2. Figure 6.31(C) shows that \(\overline{AB}\) rotated about \(y=15\) generates a washer. The outer radius of this washer is the distance from \(B\) to the line \(y=15\): \[ R_{\textrm{outer}} = 15-f(x)=15-(9-x^2)=6+x^2 \] The inner radius is \(R_{\textrm{inner}}=3\), so the volume of revolution about \(y=15\) is \[ \begin{align*} V = \pi\int_0^3 \big(R_{\textrm{outer}}^2-R_{\textrm{inner}}^2\big)\,dx &= \pi\int_0^3 \big((6+x^2)^2 - 3^2\big)\, dx\\ & = \pi\int_0^3 (36 +12 x^2 + x^4 - 9)\, dx\\ &=\pi\left(27x +4x^3 + \frac15x^5\right)\bigg|_0^3 = \frac{1188}5\,\pi \end{align*} \]

EXAMPLE 5 Revolving About a Vertical Axis

Find the volume of the solid obtained by rotating the region under the graph of \(f(x)=9-x^2\) for \(0 \leq x \leq 3\) about the vertical axis \(x=-2\).

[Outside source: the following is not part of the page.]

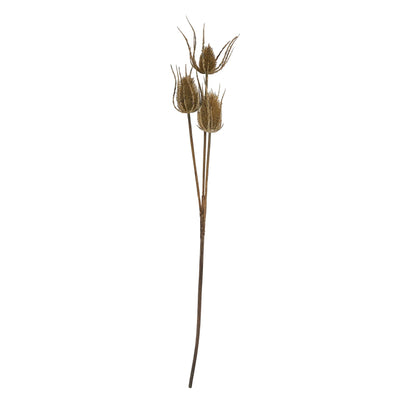 Set of 3 Artificial Flowers Large Brown Triple Teasle Stems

Solution Figure 6.32 shows that \(\overline{AB}\) sweeps out a horizontal washer when rotated about the vertical line \(x=-2\). We are going to integrate with respect to \(y\), so we need the inner and outer radii of this washer as functions of \(y\). Solving for \(x\) in \(y=9-x^2\), we obtain \(x^2=9-y\), or \(x=\sqrt{9-y}\) (since \(x \geq 0\)). Therefore, \[ \begin{align*} R_{\textrm{outer}} &= \sqrt{9-y}+2,\qquad R_{\textrm{inner}}= 2\\ R_{\textrm{outer}}^2 - R_{\textrm{inner}}^2 &= \big(\sqrt{9-y}+2\big)^2 - 2^2 = (9-y)+4\sqrt{9-y}+4-4\\& = 9-y +4\sqrt{9-y} \end{align*} \] The region extends from \(y=0\) to \(y=9\) along the \(y\)-axis, so \[ \begin{align*} V = \pi\int_0^9 \big(R_{\textrm{outer}}^2-R_{\textrm{inner}}^2\big) \, dy &= \pi\int_0^9 \Big({9-y}+4\sqrt{9-y}\Big)\,dy\\ &= \pi \left(9y-\frac12y^2 -\frac83(9-y)^{3/2}\right)\bigg|_0^9=\frac{225}2\,\pi \end{align*} \]